WHAT IS BEING ASKED>
Copy only the lines between the one containing "Spider-Man Pin, Spider-Man: The" and the end of the records, both included, leaving out pictures.

EXCERPTED RECORDS>
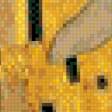 Предпросмотр схемы вышивки «Климт, поцелуй» (№752343)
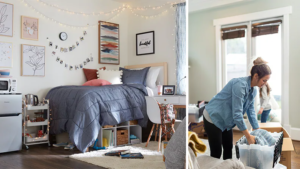 College Apartment Essentials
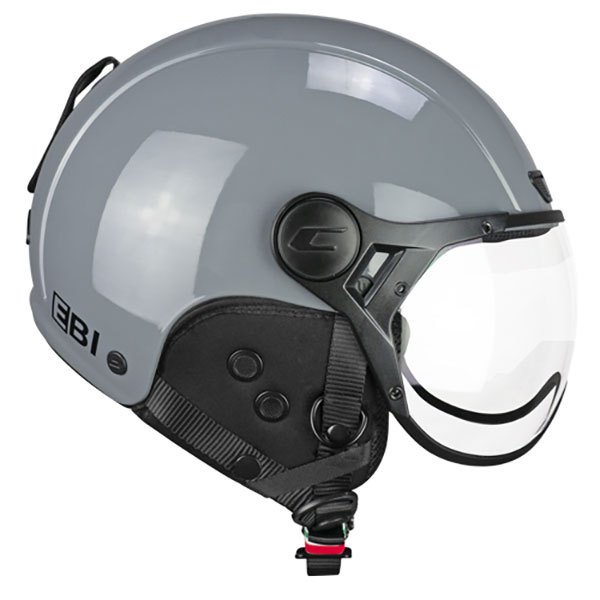 Bild von Cgm 801a Ebi Mono Urban Helmet Grau XS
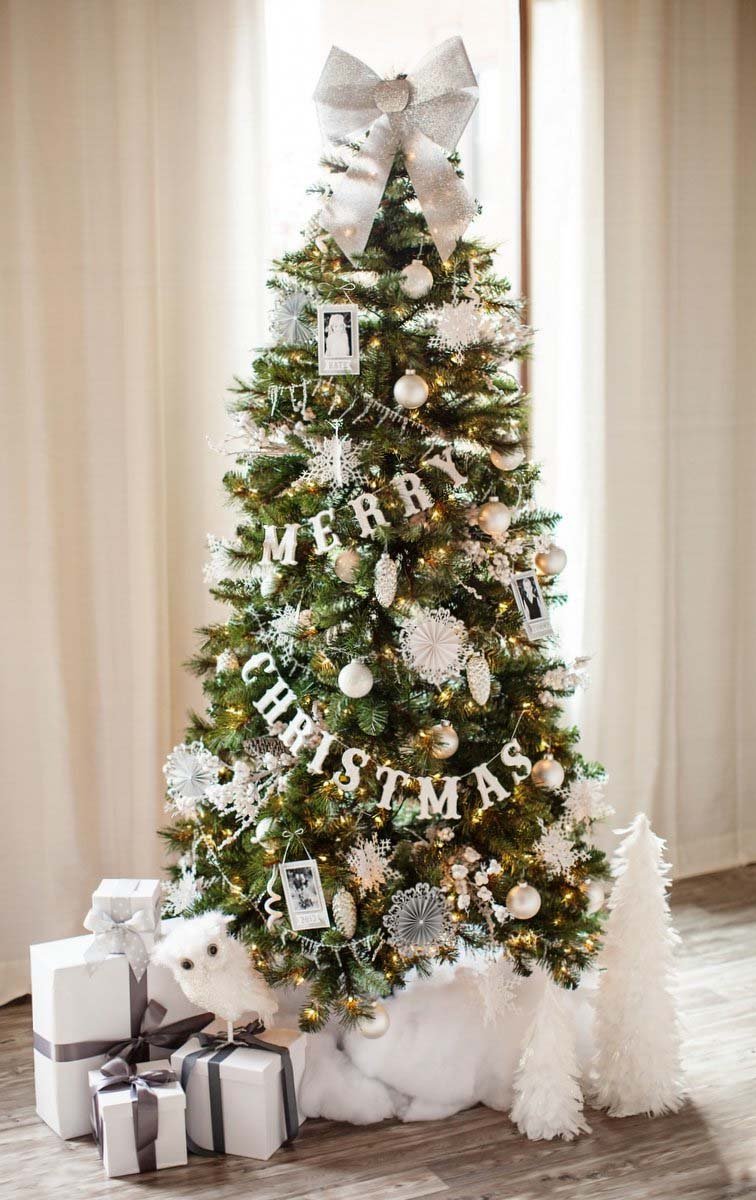 Christmas Tree Decoration (14)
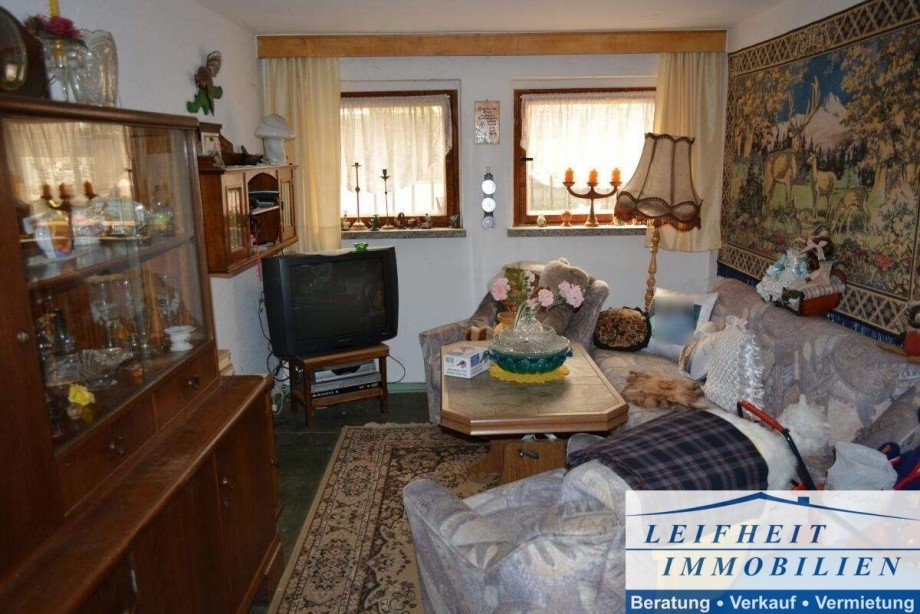 Zimmer im KG Doppelhaush�lfte M�hlhausen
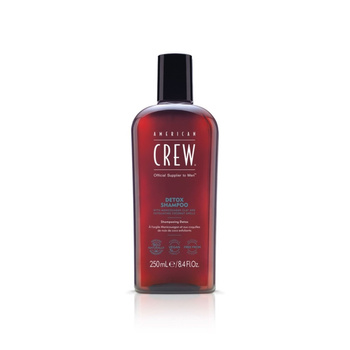 American Crew Detox Szampon 250ml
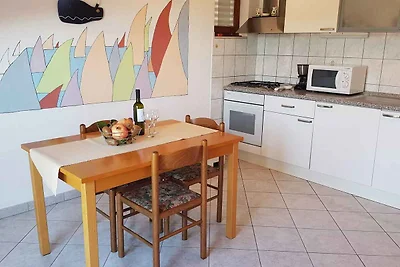 Apartament Dla rodzin Jelsa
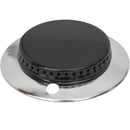 Cabeza Quem. Acros C/Bicel 98017830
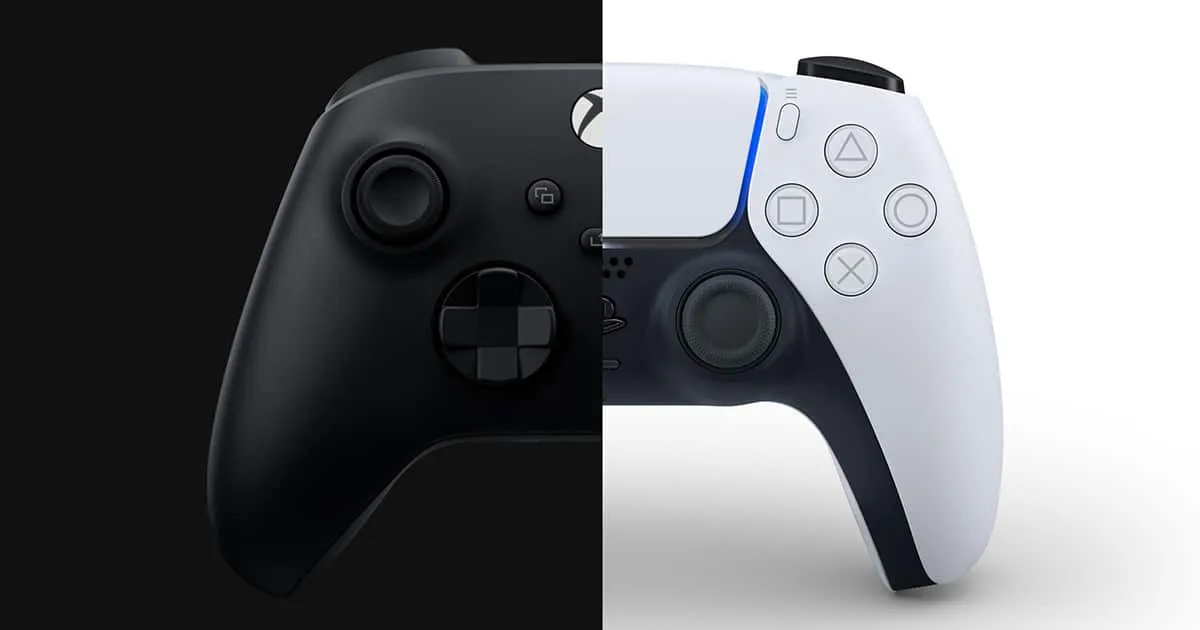 ในเดือนที่ผ่านมา Xbox Series X/S สามารถทำยอดขายเเซง PlayStation 5 ในยุโรปเป็นครั้งแรก
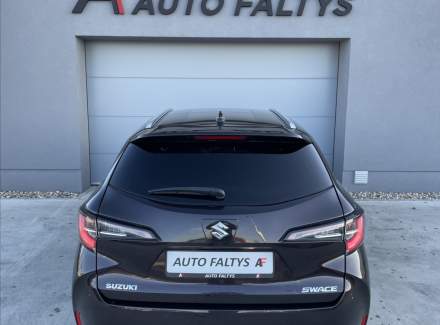 Suzuki - Swace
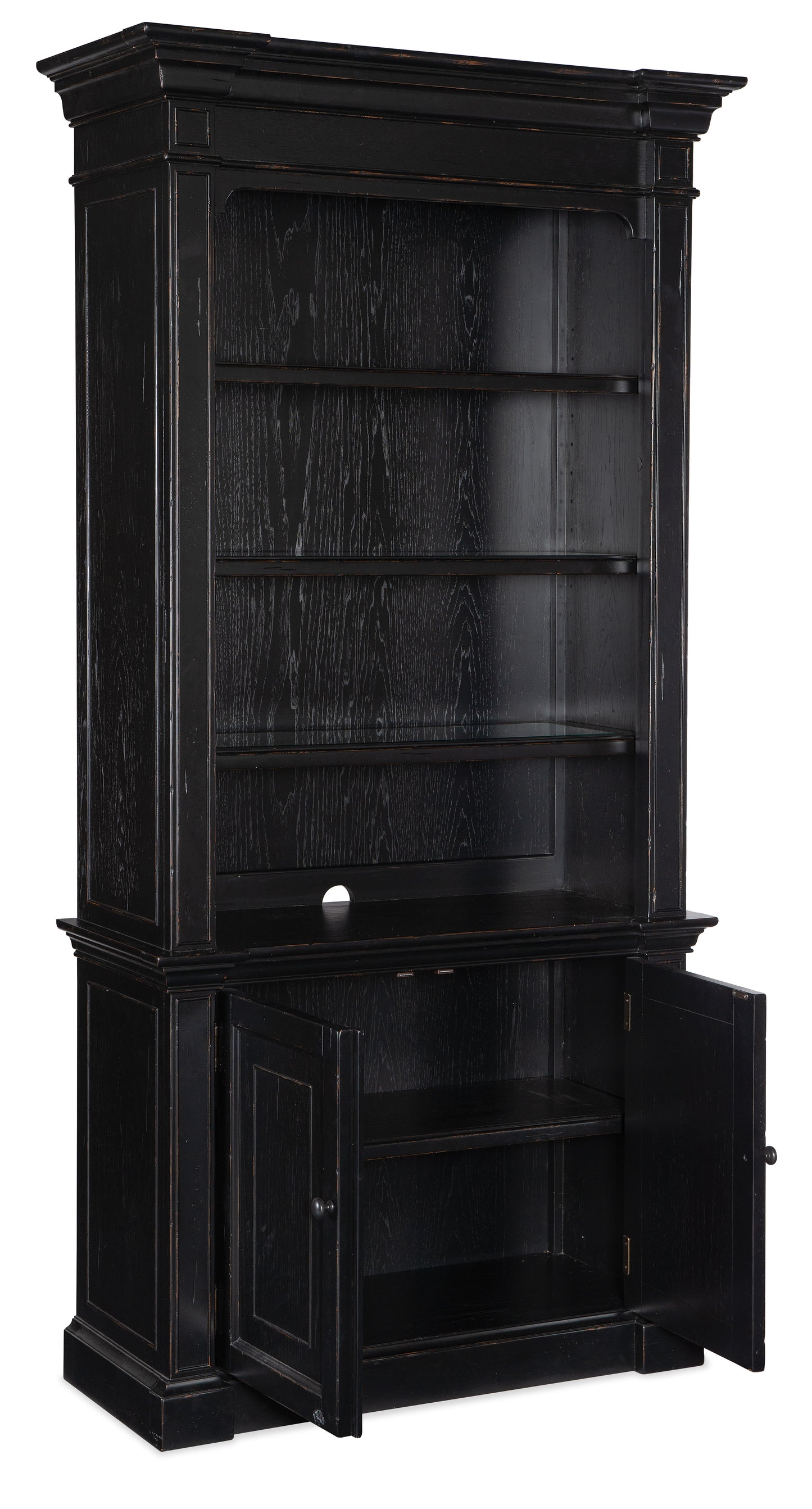 Bristowe bookcase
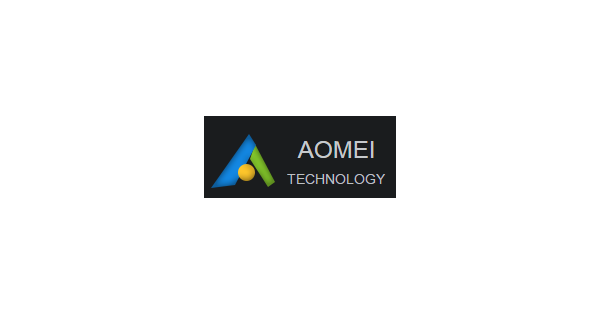 AOMEI PE Builder Reviews 2025: Details, Pricing, & Features | G2
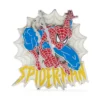Spider-Man Pin, Spider-Man: The Animated Series, Limited Release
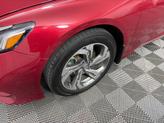 Thumbnail of 2018 Red Metallic Honda Accord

EXERCISE SOLUTION>
Spider-Man Pin, Spider-Man: The Animated Series, Limited Release
 Thumbnail of 2018 Red Metallic Honda Accord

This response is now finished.